The Court did not rule on the merits of the policy itself, but ordered a new hearing on the case

Topics: Supreme Court, Affirmative Action, Fisher v. University of Texas, Race, Anthony Kennedy, Ruth Bader Ginsburg,

SCOTUS sends affirmative action back to the lower courts (Credit: AP Photo/J. Scott Applewhite)

In a 7-1 decision on Monday, the Supreme Court determined that the Fifth Circuit did not properly rule on the use of affirmative action at the University of Texas at Austin, thus ordering the lower court to hold a new hearing on the case – and not issuing a ruling on the merits of the policy itself.

The case, Fisher V. University of Texas at Austin, was argued in October, and involved a white woman suing the university for rejecting her in 2008, arguing that the school’s policy of affirmative action violated the Equal Protection Clause of the Fourteenth Amendment.

In its ruling, the Supreme Court found that the Fifth Circuit Court of Appeals “did not hold the University to the demanding burden of strict scrutiny” when it ruled in favor of the school, and vacated the lower court’s ruling.

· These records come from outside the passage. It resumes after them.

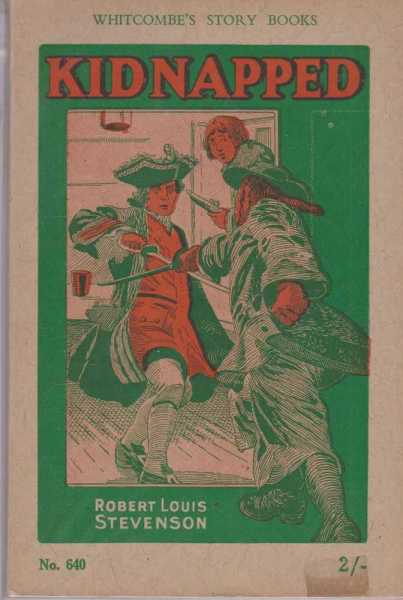 KIDNAPPED: Adapted from the story by Robert Louis Stevenson, for ages 12 to 14 years.[Whitcombe's story books, no. 640]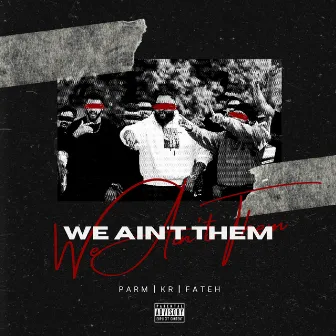 We Ain't Them by KR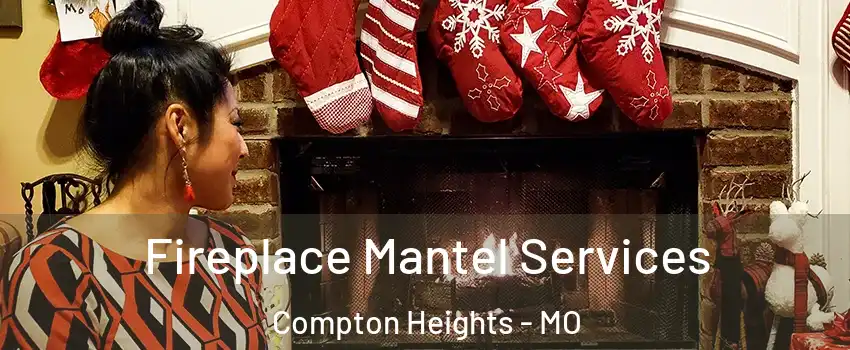 Fireplace Mantel Services Compton Heights - MO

Strict scrutiny is the highest standard that courts apply when reviewing a law that either discriminates on the basis of some characteristic (race, gender, etc.), or (as in cases involving abortion laws) interferes with a constitutional right. In these cases, the court typically applies two tests to determine whether or not the law will survive: First, whether the government has a compelling interest for creating a policy (in affirmative action cases this is usually diversity in the classroom), and second, whether the law is “narrowly tailored” to that particular interest (in this case, that would mean there were no other race neutral policies that could accomplish the same objective).



Here, the Court found that the Fifth Circuit had not adequately applied that test, and therefore it ruled incorrectly when it granted summary judgement to the University. “The reviewing court must ultimately be satisfied that no workable race-neutral alternatives would produce the educational benefits of diversity,” wrote Justice Anthony Kennedy in the majority opinion. He continued: “Rather than perform this searching examination, the Fifth Circuit held petitioner could challenge only whether the University’s decision to use race as an admissions factor ‘was made in good faith.’ It presumed that the school had acted in good faith and gave petitioner the burden of rebutting that presumption.”

Justice Ruth Bader Ginsburg, who was the lone dissenter (with Justice Elena Kagan recusing herself), argued that the Fifth Circuit’s ruling should be upheld. “I have said before and reiterate here that only an ostrich could regard the supposedly neutral alternatives as race unconscious,” she wrote.

Since the Fifth’s Circuit’s ruling is now vacated, the case will return to a lower court for a new hearing.